Vanni Zagnoli
Ci sono Cristiano Ronaldo, che guadagna 31 milioni, De Ligt (8) e Ibrahimovic (7), ma in serie A ci sono anche calciatori arrivati in barcone, da profughi. E’ il lieto fine, l’altra faccia del pallone, sempre più mondo dorato, con una galleria di ricchi (soci e sponsor) e di bellissime (fidanzate, madri e hostess). Di fratelli manager e di procuratori, di assistenti di campioni e di ritiri organizzati per marketing.
Il calcio è ripartito, anzi non si è mai fermato, dopo il covid, ma sa raccontare storie memorabili. Ne abbiamo selezionate tre, fra le tante.
Musa Juwara ha la più recente, segna a San Siro, nel 2-1 in rimonta del Bologna, postlockdown. Compirà 19 anni a santo Stefano, viene dal Gambia, il più minuscolo paese dell’Africa, un milione e 700mila abitanti, meno dei 2,7 di Roma.

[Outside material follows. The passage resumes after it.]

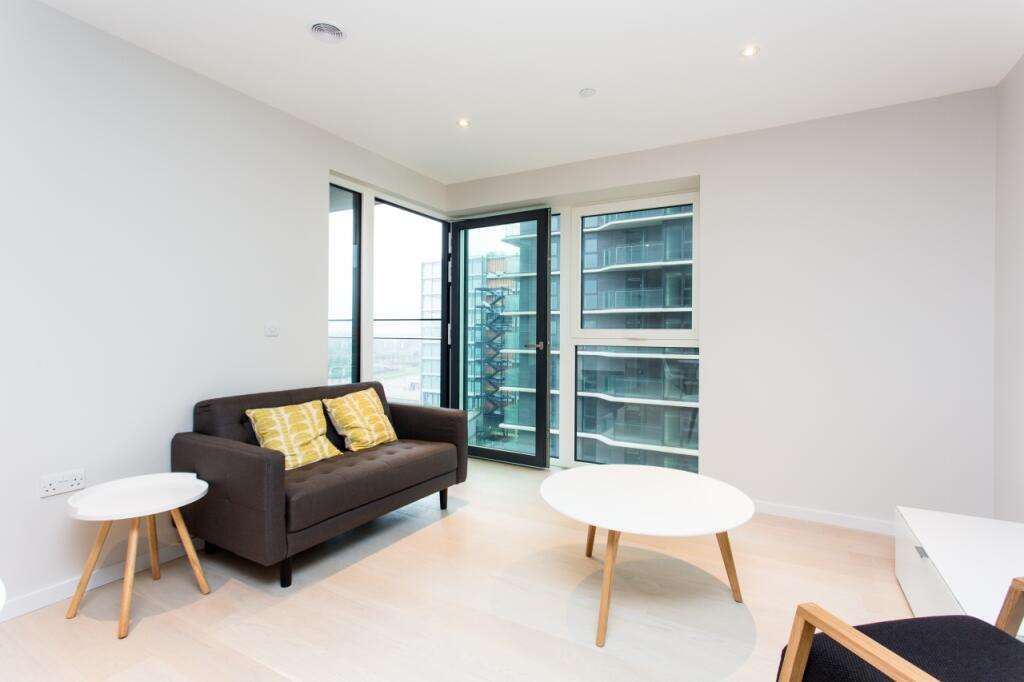 1 bed 1st Floor Flat for rent in London. From Chase Evans - Docklands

La lista Onu per indice di sviluppo umano è emblematica, per aspettativa di vita, livello di istruzione e prodotto interno lordo i gambiani sono 173esimi su 188 nazioni: un terzo della popolazione vive con 1,25 dollari al giorno, il 40% ha meno di 14 anni, il 60 meno di 25.
Juwara è compagno dell’altro Musa, Barrow, pure gambiano, arriva dall’Atalanta e a Bologna si è imposto con 9 reti, nel girone di ritorno.
Juwara è brevilineo, calcia secco. Partì dal Gambia a 15 anni, si è raccontato su La Gazzetta dello sport, a Walter Veltroni.
Da Tujereng, piccolo villaggio, un vicino lo aiuta a realizzare il sogno di tanti giovani africani. Il demiurgo è lo stesso che imbarcò due ragazzi di Conakry, Yaguine e Fodè, nascondendoli nel vano del carrello di un aereo per Bruxelles.
Li trovarono congelati, addosso avevano una lettera ai “responsabili dell’Europa” in cui dicevano: «Aiutateci, soffriamo enormemente in Africa, aiutateci, abbiamo dei problemi e i bambini non hanno diritti».
Avevano quindici anni.
«Vedevamo in Europa una vita diversa, era il luogo dei sogni e delle possibilità, guardando i film, la televisione e il calcio. Il viaggio costava tanto, mia madre era insegnante, vendette tutto per farmi imbarcare e anzi si indebitò. Eravamo sicuri che con il calcio avrei potuto mantenere lei e i fratelli”.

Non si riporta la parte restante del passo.